The ancient Chinese art of foot reflexology applies to areas of the foot that correspond to the energy of specific organs and body parts to promote healing and release energy blockages. Foot reflexology can boost the immune system, increase circulation, cleanse toxins from the body and balance energy.

What can reflexology tell?

Reflexology is a technique that applies gentle pressure to your feet or hands to bring about a state of relaxation and help the body’s own healing process. … If your reflexologist feels tender, sensitive or crunchy sensations on the feet they say it can indicate that an area of your body is out of balance.

Who shouldn’t reflexology?

Foot injuries

Patients with foot fractures, unhealed wounds, or active gout in the foot should avoid reflexology.

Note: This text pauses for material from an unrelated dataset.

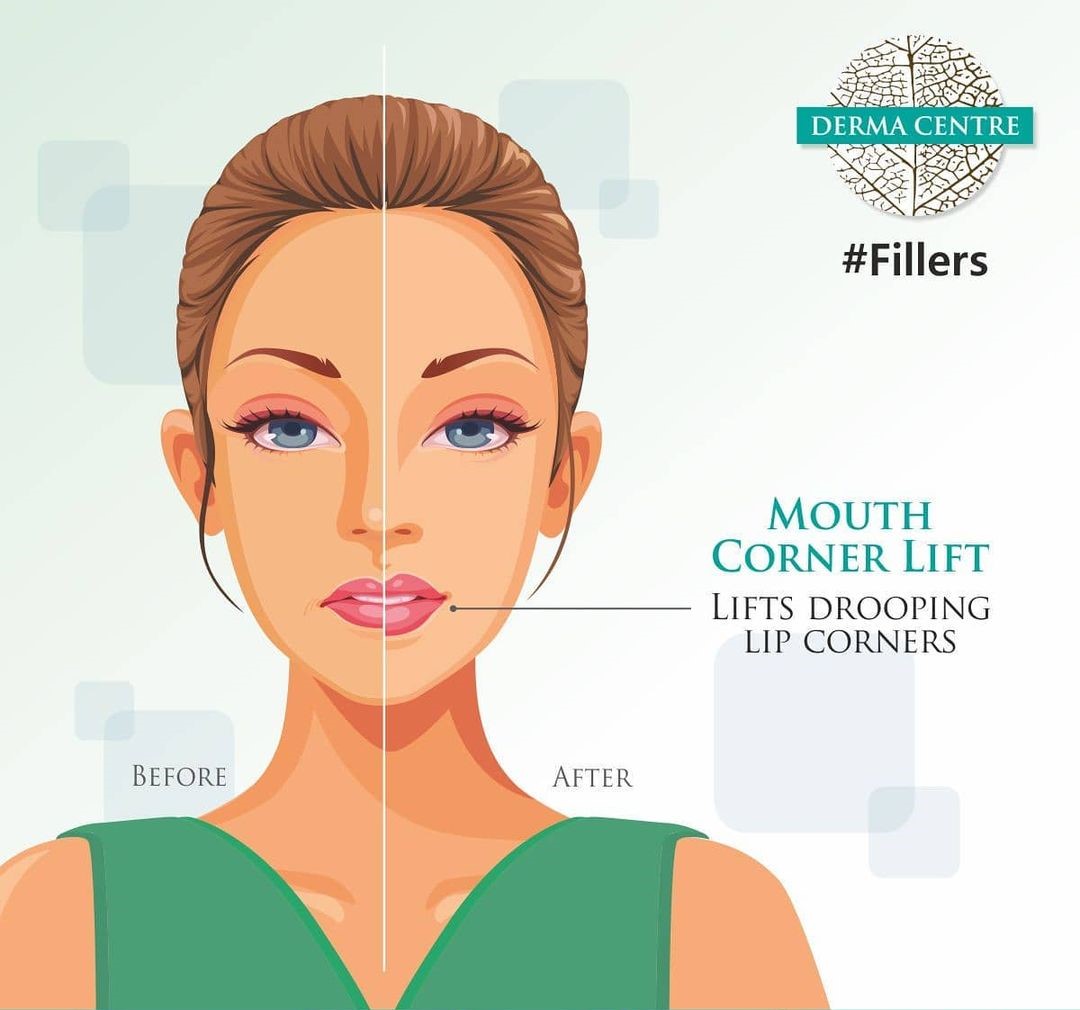 Dermatologist Specialist vs. General Dermatologist: What&rsquo;s the Difference?
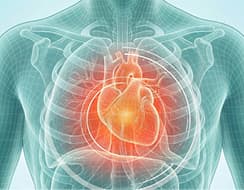 Cardiac & Cardiopulmonary Care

Patients with osteoarthritis that impacts the foot or ankle, or those with vascular disease of the legs or feet, should consult with their primary provider prior to beginning reflexology on the feet.

Who should not get reflexology?

There are some contraindications to reflexology and these should be noted before scheduling an appointment. If you have any of these contraindications, you should not book a reflexology session. What to expect during a reflexology session: A Reflexology session lasts 60 minutes.

What does it mean if reflexology hurts?

Reflexology will often hurt when the congested reflex areas are treated and in no way resembles a foot massage. As the condition improves with several reflexology sessions, so will the soreness on the corresponding reflexes.